▸ YOUR ASSIGNMENT: Locate the line containing "Audi A4L 2023 40 TFSI Luxury Dynamic", then please write out that line and all the lines below it in the entries exactly.

▸ Web page caption snippets:
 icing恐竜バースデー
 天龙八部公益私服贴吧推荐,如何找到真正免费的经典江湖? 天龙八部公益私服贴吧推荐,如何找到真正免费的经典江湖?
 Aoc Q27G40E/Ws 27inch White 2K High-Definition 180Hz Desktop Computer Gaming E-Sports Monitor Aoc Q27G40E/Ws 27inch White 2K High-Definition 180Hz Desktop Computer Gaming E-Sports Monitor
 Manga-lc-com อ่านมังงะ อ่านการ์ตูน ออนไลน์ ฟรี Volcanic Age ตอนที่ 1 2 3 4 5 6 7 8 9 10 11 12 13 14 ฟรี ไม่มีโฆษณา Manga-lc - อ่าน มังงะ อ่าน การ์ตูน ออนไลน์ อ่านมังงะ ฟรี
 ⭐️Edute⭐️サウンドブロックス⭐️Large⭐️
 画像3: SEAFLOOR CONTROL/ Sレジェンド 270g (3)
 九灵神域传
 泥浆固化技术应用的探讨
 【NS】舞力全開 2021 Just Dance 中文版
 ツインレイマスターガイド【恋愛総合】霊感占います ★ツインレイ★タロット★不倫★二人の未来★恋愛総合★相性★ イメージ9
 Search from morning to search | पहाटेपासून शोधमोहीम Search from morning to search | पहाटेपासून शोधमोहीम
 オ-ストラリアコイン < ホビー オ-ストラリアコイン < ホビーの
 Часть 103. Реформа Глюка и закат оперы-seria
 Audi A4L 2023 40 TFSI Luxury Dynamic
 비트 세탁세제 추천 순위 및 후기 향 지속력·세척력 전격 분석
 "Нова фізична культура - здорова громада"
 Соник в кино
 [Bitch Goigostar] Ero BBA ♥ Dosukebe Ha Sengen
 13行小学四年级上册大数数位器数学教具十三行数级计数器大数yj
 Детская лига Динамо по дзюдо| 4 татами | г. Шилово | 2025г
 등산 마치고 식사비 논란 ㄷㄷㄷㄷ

▸ TASK ANSWER:
 Audi A4L 2023 40 TFSI Luxury Dynamic
 비트 세탁세제 추천 순위 및 후기 향 지속력·세척력 전격 분석
 "Нова фізична культура - здорова громада"
 Соник в кино
 [Bitch Goigostar] Ero BBA ♥ Dosukebe Ha Sengen
 13行小学四年级上册大数数位器数学教具十三行数级计数器大数yj
 Детская лига Динамо по дзюдо| 4 татами | г. Шилово | 2025г
 등산 마치고 식사비 논란 ㄷㄷㄷㄷ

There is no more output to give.